In 2010, North Carolina received a $400 million Race to the Top grant from the Obama administration. As part of its application, it promised to eliminated the cap on charter schools, which had been stuck at 100. Now there has been a flood of charter schools seeking to open in North Carolina, and the researchers warn that the segregation problem might only get worse.

One problem is that disadvantaged students have less of a chance to attend a charter school. First, they or their parents have to be plugged in enough to know which are the good charter schools and motivated enough to apply. Then, they need to have the resources to actually attend the charter, because unlike regular public schools, charter schools in North Carolina do not have to offer transportation or lunch to students. For poor students who rely on school buses and free meal programs, the costs associated with attending a charter school may discourage them from the opportunity.

By contrast, affluent families might not think twice about driving their children to attend the high-achieving charter across town instead of a low-achieving neighborhood school. In this manner, even charter schools without explicit fees or admissions requirements may tilt toward inequality.

Ladd said that she would like to see charter schools be required to provide services on a par with what public schools offer. This would be a step toward making them more accessible. The board that oversees charter schools might also be more careful about approving new ones.
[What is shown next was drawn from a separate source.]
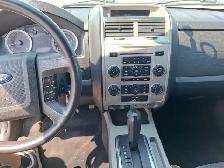2011 Ford Escape - Photo 13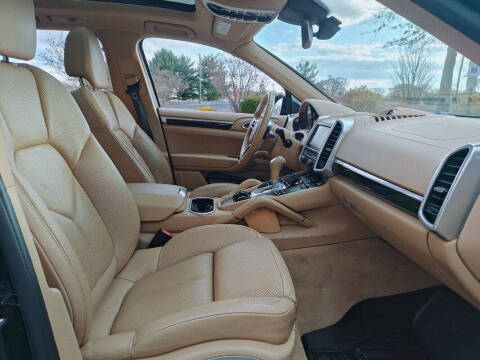 2016 Porsche Cayenne S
Schools that plan to open in white or affluent neighborhoods are unlikely to attract anyone but white and affluent students.

State officials might be coming around to these ideas. Already last year, North Carolina rejected 60 of 71 applications for new charter schools. Some complained that applications were getting dinged for not having adequate busing and meal plans, though the charter school board denied this.
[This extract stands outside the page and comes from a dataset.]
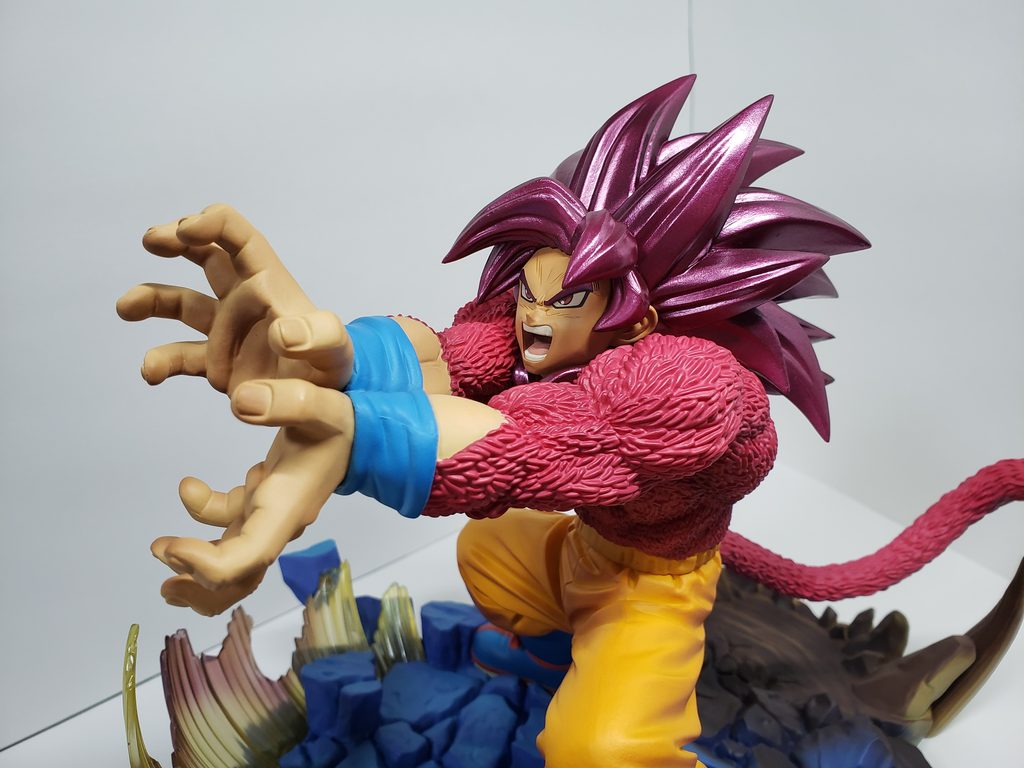 フィギュアーツZERO [超激戦] 超サイヤ人4孫悟空（DAIMA）　上半身1枚目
Similar problems have plagued other places. In December, the ACLU and the Community Legal Aid Society filed a complaint claiming that Delaware’s charter schools were re-segregating students. Top charter schools were disproportionately white, they say, in part because Delaware allows them to impose admissions requirements on their students.

Other states have had the opposite problem. For a long time, Tennessee limited its charter schools to serving low-income students, meaning that most have been located in neighborhoods with concentrated poverty. When that rule was lifted in 2011, Nashville’s school board began seeing proposals for charter schools targeting affluent, white students. The board soon began requiring that new charter schools have diversity plans to make sure they were not all-white or all-minority.

As America’s neighborhoods become increasingly segregated, it will take conscious effort to prevent public schools from also becoming more segregated, whether by race or by class or by disability. In the South, there were once private “segregation academies” for white students to avoid integrated schools. Without planning for diversity, North Carolina’s charter schools are at risk of resurrecting that legacy.